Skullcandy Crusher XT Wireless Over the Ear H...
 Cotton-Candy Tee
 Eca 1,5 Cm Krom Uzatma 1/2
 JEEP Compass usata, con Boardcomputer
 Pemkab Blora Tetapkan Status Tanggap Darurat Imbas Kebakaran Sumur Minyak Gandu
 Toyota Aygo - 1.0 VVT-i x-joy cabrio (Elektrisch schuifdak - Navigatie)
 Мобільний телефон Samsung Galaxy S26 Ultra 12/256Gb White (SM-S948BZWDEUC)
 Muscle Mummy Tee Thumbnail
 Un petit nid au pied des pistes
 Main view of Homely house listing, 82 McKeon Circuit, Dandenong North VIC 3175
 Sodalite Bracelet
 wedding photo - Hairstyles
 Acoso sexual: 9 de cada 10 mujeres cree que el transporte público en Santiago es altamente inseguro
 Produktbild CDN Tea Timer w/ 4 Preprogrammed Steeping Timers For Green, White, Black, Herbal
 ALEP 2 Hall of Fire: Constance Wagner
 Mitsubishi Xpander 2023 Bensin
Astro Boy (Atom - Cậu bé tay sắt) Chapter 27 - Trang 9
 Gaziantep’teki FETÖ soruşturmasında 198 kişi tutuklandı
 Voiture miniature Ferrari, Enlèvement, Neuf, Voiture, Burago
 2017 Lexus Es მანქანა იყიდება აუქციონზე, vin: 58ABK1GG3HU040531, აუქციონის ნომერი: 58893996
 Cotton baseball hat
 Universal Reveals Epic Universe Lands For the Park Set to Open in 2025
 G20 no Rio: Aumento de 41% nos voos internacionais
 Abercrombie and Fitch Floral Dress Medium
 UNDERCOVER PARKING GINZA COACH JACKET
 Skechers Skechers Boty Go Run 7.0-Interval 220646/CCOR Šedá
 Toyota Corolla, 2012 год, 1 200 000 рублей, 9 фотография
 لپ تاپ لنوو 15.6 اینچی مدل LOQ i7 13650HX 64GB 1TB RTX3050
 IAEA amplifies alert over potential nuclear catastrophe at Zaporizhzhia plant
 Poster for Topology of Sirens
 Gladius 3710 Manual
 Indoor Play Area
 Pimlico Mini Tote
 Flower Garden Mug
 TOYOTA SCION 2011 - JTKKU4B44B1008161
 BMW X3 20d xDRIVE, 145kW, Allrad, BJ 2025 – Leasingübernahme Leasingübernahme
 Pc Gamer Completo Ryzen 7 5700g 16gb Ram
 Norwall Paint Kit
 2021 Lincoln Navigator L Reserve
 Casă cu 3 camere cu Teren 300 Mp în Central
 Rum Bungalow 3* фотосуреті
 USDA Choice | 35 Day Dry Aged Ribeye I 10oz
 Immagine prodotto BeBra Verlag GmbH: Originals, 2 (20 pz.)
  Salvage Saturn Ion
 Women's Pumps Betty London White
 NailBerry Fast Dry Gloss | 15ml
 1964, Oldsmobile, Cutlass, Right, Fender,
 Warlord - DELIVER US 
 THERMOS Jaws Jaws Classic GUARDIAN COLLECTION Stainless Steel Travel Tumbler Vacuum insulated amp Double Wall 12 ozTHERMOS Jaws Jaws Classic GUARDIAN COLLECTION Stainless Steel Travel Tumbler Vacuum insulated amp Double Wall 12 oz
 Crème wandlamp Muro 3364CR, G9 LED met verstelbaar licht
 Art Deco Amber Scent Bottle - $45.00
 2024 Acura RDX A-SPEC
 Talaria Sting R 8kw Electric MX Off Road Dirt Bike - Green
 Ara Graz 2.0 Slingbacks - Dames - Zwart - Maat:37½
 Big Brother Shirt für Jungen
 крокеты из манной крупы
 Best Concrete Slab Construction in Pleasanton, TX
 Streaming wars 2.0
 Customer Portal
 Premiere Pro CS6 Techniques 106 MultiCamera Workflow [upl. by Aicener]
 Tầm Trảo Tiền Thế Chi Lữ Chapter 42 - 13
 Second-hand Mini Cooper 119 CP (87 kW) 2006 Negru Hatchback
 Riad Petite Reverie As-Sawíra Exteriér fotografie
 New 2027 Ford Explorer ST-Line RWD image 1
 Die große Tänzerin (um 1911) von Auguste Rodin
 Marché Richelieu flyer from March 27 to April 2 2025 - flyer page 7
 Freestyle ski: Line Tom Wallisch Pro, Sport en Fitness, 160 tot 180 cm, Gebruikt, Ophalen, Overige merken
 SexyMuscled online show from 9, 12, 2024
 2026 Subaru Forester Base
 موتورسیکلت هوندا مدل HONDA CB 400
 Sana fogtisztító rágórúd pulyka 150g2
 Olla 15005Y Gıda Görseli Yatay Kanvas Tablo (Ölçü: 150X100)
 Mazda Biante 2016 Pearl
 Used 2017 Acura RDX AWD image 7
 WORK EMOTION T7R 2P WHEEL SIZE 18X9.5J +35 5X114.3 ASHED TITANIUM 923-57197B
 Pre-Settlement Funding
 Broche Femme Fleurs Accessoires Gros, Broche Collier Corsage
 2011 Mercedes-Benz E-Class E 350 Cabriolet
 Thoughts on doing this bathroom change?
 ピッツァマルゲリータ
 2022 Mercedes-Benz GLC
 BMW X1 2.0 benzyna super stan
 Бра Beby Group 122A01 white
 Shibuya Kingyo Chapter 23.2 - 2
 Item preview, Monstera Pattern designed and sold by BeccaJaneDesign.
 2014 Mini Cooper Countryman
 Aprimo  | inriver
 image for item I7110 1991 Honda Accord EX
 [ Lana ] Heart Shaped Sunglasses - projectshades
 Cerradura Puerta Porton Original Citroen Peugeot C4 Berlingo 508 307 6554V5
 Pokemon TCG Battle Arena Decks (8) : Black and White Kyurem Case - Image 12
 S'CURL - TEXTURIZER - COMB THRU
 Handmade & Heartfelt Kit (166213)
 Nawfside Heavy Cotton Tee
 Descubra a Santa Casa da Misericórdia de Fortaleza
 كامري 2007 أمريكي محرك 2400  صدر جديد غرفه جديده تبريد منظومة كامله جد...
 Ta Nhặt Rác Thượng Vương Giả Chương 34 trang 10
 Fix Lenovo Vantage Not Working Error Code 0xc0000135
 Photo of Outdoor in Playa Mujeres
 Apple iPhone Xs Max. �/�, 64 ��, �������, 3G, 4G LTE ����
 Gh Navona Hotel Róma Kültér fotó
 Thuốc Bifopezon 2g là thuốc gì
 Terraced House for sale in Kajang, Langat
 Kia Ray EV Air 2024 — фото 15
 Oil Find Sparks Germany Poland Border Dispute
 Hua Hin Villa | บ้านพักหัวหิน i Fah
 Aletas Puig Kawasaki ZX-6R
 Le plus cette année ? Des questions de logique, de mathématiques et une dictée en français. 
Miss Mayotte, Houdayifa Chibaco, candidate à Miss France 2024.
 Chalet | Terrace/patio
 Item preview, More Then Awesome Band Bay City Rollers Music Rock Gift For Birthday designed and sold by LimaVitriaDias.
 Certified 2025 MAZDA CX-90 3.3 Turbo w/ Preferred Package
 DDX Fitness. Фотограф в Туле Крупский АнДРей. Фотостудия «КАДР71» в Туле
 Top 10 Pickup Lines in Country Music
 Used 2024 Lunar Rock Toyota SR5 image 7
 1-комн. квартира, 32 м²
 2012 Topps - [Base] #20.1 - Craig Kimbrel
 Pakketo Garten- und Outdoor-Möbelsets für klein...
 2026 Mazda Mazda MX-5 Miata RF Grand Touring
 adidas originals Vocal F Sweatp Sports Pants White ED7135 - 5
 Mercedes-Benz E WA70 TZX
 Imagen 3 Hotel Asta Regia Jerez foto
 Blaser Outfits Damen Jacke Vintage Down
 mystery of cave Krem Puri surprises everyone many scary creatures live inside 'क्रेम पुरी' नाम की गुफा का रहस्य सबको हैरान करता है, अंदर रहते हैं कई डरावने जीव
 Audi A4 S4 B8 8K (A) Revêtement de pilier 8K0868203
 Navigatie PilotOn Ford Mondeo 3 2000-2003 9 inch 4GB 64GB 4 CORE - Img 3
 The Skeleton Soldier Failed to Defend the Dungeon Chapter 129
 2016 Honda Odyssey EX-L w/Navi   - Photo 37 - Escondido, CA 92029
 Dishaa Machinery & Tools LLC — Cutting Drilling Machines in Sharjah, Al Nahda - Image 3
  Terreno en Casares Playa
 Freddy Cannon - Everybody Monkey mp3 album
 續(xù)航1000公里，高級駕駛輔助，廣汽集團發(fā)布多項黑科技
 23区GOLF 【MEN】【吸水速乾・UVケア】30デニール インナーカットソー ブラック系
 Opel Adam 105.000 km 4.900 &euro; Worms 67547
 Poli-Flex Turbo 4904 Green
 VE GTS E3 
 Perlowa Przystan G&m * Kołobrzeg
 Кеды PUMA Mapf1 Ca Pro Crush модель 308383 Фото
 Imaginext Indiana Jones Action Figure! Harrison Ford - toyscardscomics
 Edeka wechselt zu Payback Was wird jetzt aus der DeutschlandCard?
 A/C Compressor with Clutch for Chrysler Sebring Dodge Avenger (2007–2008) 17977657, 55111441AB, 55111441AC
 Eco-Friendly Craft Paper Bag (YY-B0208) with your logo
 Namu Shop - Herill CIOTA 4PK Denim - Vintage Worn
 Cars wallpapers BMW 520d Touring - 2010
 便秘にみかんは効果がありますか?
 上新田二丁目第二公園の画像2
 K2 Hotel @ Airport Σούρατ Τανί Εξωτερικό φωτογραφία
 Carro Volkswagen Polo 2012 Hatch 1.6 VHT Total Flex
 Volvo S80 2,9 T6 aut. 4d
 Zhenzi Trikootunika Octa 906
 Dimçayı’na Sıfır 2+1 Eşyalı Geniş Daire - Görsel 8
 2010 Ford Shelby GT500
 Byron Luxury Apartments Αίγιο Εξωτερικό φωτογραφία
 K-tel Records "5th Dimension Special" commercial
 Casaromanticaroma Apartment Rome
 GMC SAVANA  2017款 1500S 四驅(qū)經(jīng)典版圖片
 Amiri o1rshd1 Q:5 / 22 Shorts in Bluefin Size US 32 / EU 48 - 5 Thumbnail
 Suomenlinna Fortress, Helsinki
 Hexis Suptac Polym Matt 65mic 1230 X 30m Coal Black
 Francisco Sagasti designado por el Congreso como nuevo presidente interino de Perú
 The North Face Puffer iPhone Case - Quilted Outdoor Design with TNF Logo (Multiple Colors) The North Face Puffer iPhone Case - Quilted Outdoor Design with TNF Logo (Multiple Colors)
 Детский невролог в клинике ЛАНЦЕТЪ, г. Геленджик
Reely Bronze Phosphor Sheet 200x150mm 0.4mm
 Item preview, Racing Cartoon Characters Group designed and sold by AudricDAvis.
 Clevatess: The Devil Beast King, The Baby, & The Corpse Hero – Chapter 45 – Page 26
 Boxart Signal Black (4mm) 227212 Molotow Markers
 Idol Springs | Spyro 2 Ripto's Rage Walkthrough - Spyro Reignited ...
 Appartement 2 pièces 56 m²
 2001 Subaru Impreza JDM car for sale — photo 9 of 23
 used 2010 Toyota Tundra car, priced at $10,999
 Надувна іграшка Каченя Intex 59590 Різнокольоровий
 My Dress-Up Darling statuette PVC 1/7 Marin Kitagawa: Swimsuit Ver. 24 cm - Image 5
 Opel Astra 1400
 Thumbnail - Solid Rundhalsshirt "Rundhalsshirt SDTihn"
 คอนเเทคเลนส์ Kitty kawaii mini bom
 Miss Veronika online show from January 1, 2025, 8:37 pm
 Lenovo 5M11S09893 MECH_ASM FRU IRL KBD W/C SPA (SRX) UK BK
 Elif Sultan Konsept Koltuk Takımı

Exercise requirements: Copy the lines above exactly. Start with the line containing "Freddy Cannon - Everybody Monkey mp3 album", end with the line containing "A/C Compressor with", and include both.

Solution:
 Freddy Cannon - Everybody Monkey mp3 album
 續(xù)航1000公里，高級駕駛輔助，廣汽集團發(fā)布多項黑科技
 23区GOLF 【MEN】【吸水速乾・UVケア】30デニール インナーカットソー ブラック系
 Opel Adam 105.000 km 4.900 &euro; Worms 67547
 Poli-Flex Turbo 4904 Green
 VE GTS E3 
 Perlowa Przystan G&m * Kołobrzeg
 Кеды PUMA Mapf1 Ca Pro Crush модель 308383 Фото
 Imaginext Indiana Jones Action Figure! Harrison Ford - toyscardscomics
 Edeka wechselt zu Payback Was wird jetzt aus der DeutschlandCard?
 A/C Compressor with Clutch for Chrysler Sebring Dodge Avenger (2007–2008) 17977657, 55111441AB, 55111441AC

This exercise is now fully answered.